Seit in Syrien Krieg herrscht, sind sich die Regierungen nur in einem Punkt einig: Die Terrormiliz IS gilt allen als Feind. Es gibt tatsächlich keinerlei Beleg dafür, dass irgendein Staat den IS gezielt mit Waffen versorgt hat, bestätigt der bei den Waffenhandelsrechercheuren NGO Conflict Armament Research, Link öffnet in einem neuen Fensterim Browser öffnen für den Irak und Syrien zuständige Damien Spleeters.
Der IS deckte sich vielmehr in grossem Umfang mit modernen Waffen ein.
Das bleibt aber auch schon die einzige positive Erkenntnis. Drei Jahre dauerten die Recherchen, 200 Seiten umfasst das Ergebnis, mehr als 40'000 Fälle rund um die Waffengeschäfte und -produktion des IS wurden untersucht. Ergebnis: «Die auch vom IS selber verbreitete Behauptung, die Dschihadisten hätten hauptsächlich mit antiquierten, aus Armeebeständen erbeuteten Waffen operiert, stimmt nicht. Der IS deckte sich vielmehr in grossem Umfang mit modernen Waffen ein.»
Auch westeuropäische Waffen für den IS
Viele dieser Waffen liessen sich zurückverfolgen nach Russland, in osteuropäische Staaten, aber auch nach Saudi-Arabien, in den Iran und die USA. Auch in Westeuropa hergestellte Waffen fanden ihren Weg zum IS. All diese Länder belieferten zwar nicht selber den IS. Hingegen verhielten sie sich oft sträflich fahrlässig. Ist eine Ladung Waffen erst mal exportiert, besteht praktisch keine Kontrolle mehr, wohin sie am Ende gelangt.
Zwar enthalten heute viele Kaufverträge Re-Export-Verbote. Der Käuferstaat verpflichtet sich, Waffen ausschliesslich für die eigenen Sicherheitskräfte zu nutzen. Doch schon öfters gab es Fälle – auch bei Schweizer Waffenexporten, etwa an arabische Staaten – in denen diese Re-Export-Klauseln verletzt wurden.
Re-Export-Verbote weitgehend bedeutungslos
Die IS-Waffenbeschaffung zeigt nun: Es sind keineswegs rare Ausnahmen. Es ist eher die Regel. «Einmal sind die Klauseln von vornherein vage, ein andermal werden sie extrem grosszügig interpretiert. Oder bewusst missachtet», sagt Damien Spleeters. De facto seien Re-Export-Verbote oft das Papier nicht wert; sie seien weitgehend bedeutungslos.
Auffallend auch: IS-Kämpfer besassen teils exakt dieselben Waffen mit fortlaufenden Seriennummern wie die aus dem, von den USA, den Golfstaaten oder dem Iran unterstützten Milizen.

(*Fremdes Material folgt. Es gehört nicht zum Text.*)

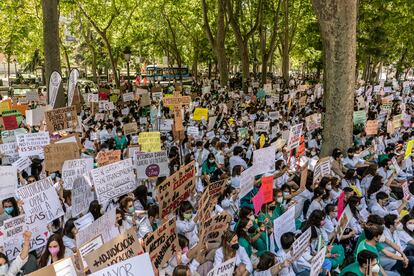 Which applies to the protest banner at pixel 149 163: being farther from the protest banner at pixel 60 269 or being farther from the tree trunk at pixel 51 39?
the tree trunk at pixel 51 39

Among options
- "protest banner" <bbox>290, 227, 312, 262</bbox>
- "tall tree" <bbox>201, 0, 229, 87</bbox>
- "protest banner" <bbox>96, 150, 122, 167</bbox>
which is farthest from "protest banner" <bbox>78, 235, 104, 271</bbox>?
"tall tree" <bbox>201, 0, 229, 87</bbox>

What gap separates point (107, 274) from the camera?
4.19 metres

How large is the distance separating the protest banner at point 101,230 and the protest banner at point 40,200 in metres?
1.30

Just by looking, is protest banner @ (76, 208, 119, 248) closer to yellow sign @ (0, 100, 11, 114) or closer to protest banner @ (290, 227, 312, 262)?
protest banner @ (290, 227, 312, 262)

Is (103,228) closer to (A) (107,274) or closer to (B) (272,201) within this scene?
(A) (107,274)

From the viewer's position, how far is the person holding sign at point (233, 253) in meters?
5.66

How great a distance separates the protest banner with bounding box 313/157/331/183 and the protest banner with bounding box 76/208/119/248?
445 centimetres

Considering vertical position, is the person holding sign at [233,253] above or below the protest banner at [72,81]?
below

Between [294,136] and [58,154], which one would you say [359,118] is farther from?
[58,154]

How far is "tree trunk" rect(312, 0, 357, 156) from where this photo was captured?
36.4ft

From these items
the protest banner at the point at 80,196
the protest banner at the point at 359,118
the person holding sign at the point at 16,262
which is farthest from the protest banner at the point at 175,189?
the protest banner at the point at 359,118

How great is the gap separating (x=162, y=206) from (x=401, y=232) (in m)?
3.82

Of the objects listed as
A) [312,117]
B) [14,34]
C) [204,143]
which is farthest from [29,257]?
[14,34]

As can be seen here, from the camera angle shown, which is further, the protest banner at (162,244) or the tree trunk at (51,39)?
the tree trunk at (51,39) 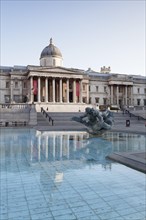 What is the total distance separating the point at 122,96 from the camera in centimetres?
7769

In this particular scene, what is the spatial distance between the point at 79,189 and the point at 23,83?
6104cm

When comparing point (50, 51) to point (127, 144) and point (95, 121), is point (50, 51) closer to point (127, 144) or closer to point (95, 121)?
point (95, 121)

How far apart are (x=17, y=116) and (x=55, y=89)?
29386 millimetres

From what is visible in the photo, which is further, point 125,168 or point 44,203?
point 125,168

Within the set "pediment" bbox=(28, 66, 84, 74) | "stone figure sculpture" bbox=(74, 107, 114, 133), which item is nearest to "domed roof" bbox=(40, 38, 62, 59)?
"pediment" bbox=(28, 66, 84, 74)

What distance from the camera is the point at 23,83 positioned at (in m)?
65.9

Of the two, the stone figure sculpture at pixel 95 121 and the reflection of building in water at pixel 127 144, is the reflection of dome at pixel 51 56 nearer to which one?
the stone figure sculpture at pixel 95 121

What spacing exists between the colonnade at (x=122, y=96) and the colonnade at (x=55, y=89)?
1432 cm

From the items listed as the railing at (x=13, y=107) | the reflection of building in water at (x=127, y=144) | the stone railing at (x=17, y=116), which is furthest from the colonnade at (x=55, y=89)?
the reflection of building in water at (x=127, y=144)

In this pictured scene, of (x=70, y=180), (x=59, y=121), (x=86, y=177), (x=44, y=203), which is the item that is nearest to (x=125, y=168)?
(x=86, y=177)

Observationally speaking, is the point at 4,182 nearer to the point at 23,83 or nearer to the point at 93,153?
the point at 93,153

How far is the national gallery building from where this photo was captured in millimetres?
61219

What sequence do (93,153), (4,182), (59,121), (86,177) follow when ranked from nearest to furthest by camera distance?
(4,182) < (86,177) < (93,153) < (59,121)

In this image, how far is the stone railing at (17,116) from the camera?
37.2 m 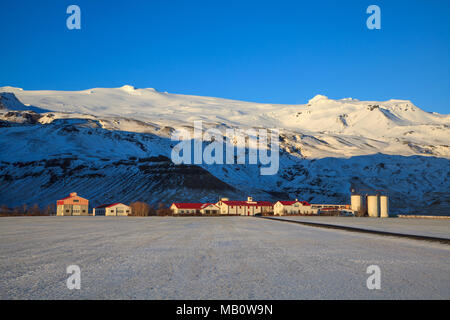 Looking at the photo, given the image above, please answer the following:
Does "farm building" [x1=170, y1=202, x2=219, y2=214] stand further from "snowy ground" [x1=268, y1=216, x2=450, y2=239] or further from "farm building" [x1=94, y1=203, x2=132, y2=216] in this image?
"snowy ground" [x1=268, y1=216, x2=450, y2=239]

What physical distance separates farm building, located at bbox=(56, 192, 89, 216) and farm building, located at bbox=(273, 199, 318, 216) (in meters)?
49.8

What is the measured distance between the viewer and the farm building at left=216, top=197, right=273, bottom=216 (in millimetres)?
99875

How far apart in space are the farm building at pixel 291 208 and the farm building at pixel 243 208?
10.3 ft

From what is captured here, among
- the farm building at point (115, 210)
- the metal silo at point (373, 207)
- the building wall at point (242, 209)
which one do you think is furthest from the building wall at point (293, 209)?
the farm building at point (115, 210)

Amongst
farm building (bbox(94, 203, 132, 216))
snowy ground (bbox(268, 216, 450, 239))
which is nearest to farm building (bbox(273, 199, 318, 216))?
farm building (bbox(94, 203, 132, 216))

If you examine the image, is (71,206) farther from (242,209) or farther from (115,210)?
(242,209)

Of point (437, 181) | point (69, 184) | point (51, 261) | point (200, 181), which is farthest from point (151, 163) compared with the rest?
point (51, 261)

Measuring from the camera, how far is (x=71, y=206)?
3615 inches

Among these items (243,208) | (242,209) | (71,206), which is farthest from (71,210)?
(243,208)

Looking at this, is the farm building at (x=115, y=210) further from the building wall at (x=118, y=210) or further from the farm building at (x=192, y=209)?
the farm building at (x=192, y=209)

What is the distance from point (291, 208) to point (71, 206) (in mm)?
56552

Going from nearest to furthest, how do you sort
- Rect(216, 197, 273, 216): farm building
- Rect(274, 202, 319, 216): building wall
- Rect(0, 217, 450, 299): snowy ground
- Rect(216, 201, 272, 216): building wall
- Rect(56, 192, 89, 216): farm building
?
1. Rect(0, 217, 450, 299): snowy ground
2. Rect(56, 192, 89, 216): farm building
3. Rect(216, 201, 272, 216): building wall
4. Rect(216, 197, 273, 216): farm building
5. Rect(274, 202, 319, 216): building wall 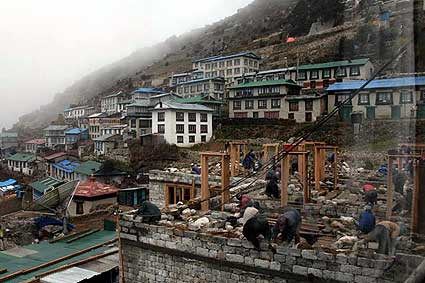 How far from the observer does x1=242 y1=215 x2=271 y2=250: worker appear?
7019 millimetres

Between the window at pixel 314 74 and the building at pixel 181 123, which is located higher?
the window at pixel 314 74

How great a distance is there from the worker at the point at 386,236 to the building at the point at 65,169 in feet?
120

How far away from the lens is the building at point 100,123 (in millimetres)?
53844

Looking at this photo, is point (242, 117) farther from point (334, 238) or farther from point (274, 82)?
point (334, 238)

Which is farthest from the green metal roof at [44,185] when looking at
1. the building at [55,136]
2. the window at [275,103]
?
the building at [55,136]

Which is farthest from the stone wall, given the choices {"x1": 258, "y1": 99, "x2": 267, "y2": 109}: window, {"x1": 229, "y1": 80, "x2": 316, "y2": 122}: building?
{"x1": 258, "y1": 99, "x2": 267, "y2": 109}: window

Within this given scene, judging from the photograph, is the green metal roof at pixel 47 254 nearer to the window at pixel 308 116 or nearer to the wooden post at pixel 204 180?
the wooden post at pixel 204 180

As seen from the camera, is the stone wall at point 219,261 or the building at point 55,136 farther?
the building at point 55,136

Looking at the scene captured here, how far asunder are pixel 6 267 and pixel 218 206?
21.3 ft

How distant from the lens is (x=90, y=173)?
35.2 metres

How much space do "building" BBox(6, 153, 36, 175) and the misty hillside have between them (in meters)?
34.3

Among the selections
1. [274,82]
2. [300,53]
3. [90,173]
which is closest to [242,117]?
[274,82]

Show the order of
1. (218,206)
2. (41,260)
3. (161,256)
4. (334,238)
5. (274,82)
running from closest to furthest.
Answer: (334,238) < (161,256) < (218,206) < (41,260) < (274,82)

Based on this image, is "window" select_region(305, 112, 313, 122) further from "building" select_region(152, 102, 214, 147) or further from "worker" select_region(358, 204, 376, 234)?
"worker" select_region(358, 204, 376, 234) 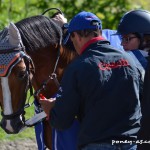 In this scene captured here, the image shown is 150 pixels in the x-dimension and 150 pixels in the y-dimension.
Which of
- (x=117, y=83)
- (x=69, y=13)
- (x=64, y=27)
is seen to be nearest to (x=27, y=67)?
(x=64, y=27)

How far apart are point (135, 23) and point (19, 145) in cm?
275

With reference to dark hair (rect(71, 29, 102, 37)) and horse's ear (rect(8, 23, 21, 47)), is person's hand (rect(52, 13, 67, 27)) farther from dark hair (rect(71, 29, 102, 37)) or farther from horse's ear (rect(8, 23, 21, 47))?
dark hair (rect(71, 29, 102, 37))

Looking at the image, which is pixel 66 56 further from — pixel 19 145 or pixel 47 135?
pixel 19 145

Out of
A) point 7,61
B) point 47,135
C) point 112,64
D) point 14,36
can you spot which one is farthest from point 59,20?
point 112,64

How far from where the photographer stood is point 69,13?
10.3 m

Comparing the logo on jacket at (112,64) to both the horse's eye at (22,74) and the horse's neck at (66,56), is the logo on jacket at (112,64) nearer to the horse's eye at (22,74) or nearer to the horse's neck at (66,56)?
the horse's eye at (22,74)

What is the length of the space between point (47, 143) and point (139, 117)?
1.20 metres

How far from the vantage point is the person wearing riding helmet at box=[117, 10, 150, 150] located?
12.2 feet

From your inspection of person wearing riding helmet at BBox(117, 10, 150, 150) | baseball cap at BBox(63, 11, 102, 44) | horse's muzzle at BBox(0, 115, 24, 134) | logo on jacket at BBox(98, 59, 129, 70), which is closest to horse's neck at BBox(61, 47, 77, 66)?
person wearing riding helmet at BBox(117, 10, 150, 150)

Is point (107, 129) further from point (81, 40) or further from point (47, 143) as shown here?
point (47, 143)

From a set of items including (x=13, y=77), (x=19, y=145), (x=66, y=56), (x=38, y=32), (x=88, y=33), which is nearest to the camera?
(x=88, y=33)

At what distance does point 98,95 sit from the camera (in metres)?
3.80

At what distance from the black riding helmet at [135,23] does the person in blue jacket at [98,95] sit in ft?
2.47

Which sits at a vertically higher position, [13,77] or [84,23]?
[84,23]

Zum Teil erbeutete der IS diese Waffen im Kampf, zum Teil kooperierten sogenannte «gute Rebellen» weit enger mit dem IS, als man das im Westen wahrhaben wollte. Und sehr häufig lief der Waffenhandel über dubiose Mittelsmänner, die nicht bloss die von den Lieferländern gewünschten Truppen versorgten, sondern den IS gleich mit. Es fehlte also eine wirksame Kontrolle über den Endverbraucher. Grobfahrlässig angesichts der Natur des Syrien-Konflikts.

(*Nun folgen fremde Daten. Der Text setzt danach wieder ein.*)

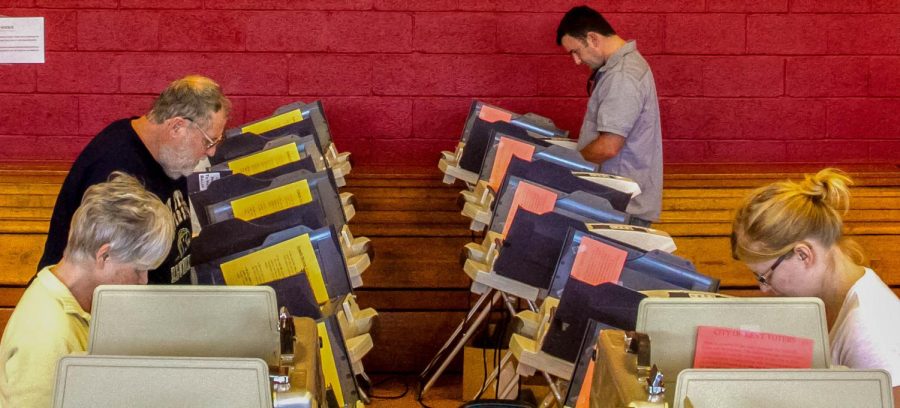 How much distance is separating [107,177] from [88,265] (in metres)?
0.74

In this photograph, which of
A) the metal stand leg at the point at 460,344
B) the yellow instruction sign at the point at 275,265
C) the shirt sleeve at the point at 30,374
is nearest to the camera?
the shirt sleeve at the point at 30,374

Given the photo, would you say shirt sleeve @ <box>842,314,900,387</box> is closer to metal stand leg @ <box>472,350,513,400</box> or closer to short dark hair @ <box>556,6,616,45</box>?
metal stand leg @ <box>472,350,513,400</box>

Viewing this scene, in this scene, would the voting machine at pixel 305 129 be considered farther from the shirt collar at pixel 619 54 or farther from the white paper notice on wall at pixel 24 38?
the white paper notice on wall at pixel 24 38

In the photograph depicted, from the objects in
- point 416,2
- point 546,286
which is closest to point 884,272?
point 546,286

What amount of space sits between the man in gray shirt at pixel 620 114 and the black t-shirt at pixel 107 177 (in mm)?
2072

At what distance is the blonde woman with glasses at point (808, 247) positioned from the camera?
6.91 ft

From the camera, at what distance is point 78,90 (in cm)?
627

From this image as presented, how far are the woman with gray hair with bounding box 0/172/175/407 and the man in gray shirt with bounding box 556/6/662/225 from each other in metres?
2.67

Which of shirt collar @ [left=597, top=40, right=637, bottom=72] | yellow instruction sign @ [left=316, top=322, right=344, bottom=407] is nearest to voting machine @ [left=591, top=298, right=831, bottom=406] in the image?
yellow instruction sign @ [left=316, top=322, right=344, bottom=407]

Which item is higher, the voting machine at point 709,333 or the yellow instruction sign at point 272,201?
the yellow instruction sign at point 272,201

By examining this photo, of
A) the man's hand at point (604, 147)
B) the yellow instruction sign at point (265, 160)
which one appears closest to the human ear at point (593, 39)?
the man's hand at point (604, 147)

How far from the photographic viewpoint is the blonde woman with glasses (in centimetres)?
211

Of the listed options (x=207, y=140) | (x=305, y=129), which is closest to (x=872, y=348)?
(x=207, y=140)

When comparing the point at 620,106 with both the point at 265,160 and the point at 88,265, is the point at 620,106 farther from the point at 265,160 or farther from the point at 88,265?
the point at 88,265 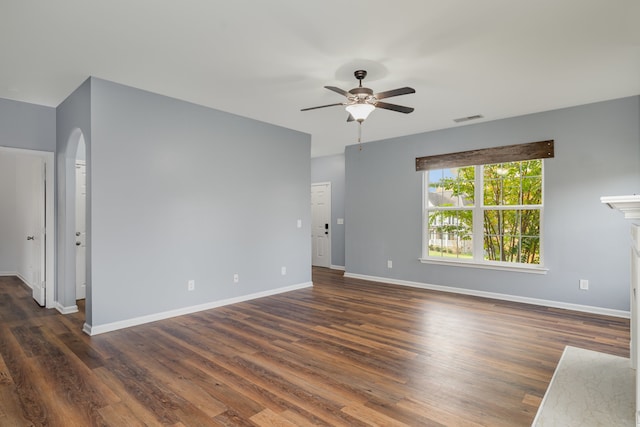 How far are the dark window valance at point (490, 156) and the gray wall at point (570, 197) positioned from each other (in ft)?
0.29

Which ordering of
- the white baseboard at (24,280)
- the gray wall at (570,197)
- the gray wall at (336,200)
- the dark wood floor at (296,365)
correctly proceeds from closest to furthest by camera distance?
1. the dark wood floor at (296,365)
2. the gray wall at (570,197)
3. the white baseboard at (24,280)
4. the gray wall at (336,200)

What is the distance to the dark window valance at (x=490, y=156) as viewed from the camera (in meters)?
4.80

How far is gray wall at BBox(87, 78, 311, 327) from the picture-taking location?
12.2 ft

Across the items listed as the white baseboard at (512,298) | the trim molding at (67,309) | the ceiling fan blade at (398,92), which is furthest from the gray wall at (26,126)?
the white baseboard at (512,298)

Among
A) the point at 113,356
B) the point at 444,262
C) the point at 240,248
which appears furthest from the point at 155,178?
the point at 444,262

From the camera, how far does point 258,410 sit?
2.21 metres

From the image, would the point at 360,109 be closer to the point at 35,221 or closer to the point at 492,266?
the point at 492,266

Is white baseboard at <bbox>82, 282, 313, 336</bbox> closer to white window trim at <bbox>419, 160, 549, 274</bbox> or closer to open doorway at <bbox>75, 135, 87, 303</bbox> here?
open doorway at <bbox>75, 135, 87, 303</bbox>

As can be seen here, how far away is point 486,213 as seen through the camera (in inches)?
213

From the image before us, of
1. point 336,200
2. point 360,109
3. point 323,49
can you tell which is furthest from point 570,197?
point 336,200

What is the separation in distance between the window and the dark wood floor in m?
0.92

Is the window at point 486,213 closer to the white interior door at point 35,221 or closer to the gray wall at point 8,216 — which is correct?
the white interior door at point 35,221

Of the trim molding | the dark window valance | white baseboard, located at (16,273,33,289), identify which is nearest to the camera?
the trim molding

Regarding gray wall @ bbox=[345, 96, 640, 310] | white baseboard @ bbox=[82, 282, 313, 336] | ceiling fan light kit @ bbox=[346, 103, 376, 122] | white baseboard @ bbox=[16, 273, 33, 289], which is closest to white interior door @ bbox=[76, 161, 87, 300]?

Auch selbst hergestellte Waffen
Schliesslich gelang es dem IS auch, potente Waffen in eindrücklichen Stückzahlen selber herzustellen, vor allem Bomben. Auch solche mit ausgeklügelten chemischen Zündern. Das Material dazu beschaffte die Terrormiliz in der Türkei, und zwar immer und immer wieder. Über Jahre hinweg. Auch hier gilt: Viel unternommen, um das zu verhindern, wurde offenkundig nicht.
Die immer noch aktiven IS-Kämpfer haben sich vertiefte Kenntnisse in der Herstellung von Waffen angeeignet.
Die Recherchen erhellen nicht nur die Vergangenheit, sie verheissen zugleich, so der Waffenhandelsexperte Spleeters, wenig Gutes für die Zukunft: «Der IS mag als Kalifat militärisch besiegt sein. Doch IS-Kämpfer sind noch in grosser Zahl aktiv. Sie haben sich vertiefte Kenntnisse in der Herstellung von Waffen angeeignet. Und erst recht in der Beschaffung von diversen Quellen.» All das ruft eigentlich nach einer rigiden Überwachung und strengen Richtlinien im internationalen Waffenhandel. Bloss: Danach sieht es im Moment nicht aus.